Bir saat kadar sonra… 'Delileri yok etme şüphesinin olduğu, cezanın alt ve üst sınırı ile kaçma ihtimalinin bulunduğu' sonucuna varılarak, cezaevine gönderildi. Eğer AK Parti Erzurum Milletvekili Zehra Taşkesenlioğlu’nun eşi olmasaydı Ban, değil tutuklanmak, gözaltına bile alınmazdı. AK Parti’nin özel hayatın gizliliği diye bir derdi olsa; Erdoğan, Deniz Baykal’ın özel hayat görüntüleri yayınlandığında 'Bu özel değil, genel' diyerek, meydanlarda göbek atmazdı. Bu soruşturmada tanık olması gereken Ban’ın içeri atılması bir gözdağıdır. İktidar Beştepe’de iki danışmandan birinin istifasıyla, diğerinin el çektirilmesiyle sonuçlanan skandalı, kontrol altına almak istiyor olabilir.

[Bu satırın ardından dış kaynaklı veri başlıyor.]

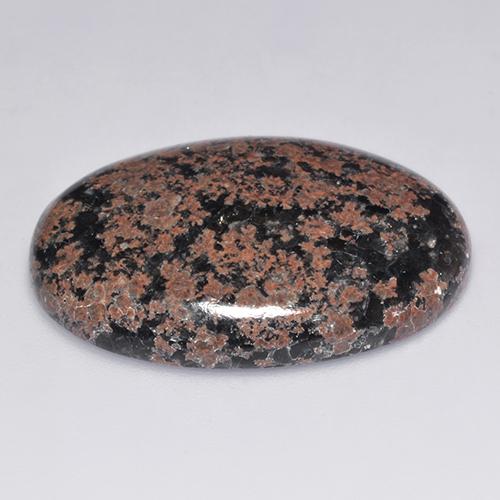 Obsidian Gemstone in 30.1 x 21.5 mm Size for Sale, Obsidian Stone in Multicolor Color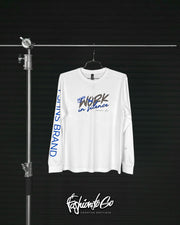 Work in silence L.S Tee | White, Dark Chocolate, Royal Blue | FSHNS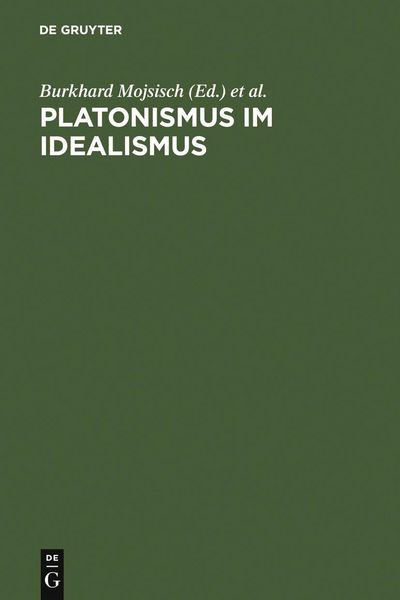 Produktbild: Platonismus im Idealismus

Diğer taraftan, eski Sermaye Piyasası Kurulu Başkanı Ali Fuat Taşkesenlioğlu’nun rüşvet aldığı iddiası da soruşturulamayacak artık. Zehra Taşkesenlioğlu’nun eşine 2.5 milyon doları elden verebilecek bir servetinin olmasının, borsada ücretli danışmanlık verilmesinin, siyasi nüfuz yoluyla menfaat temin edilmesinin üzeri örtülecek.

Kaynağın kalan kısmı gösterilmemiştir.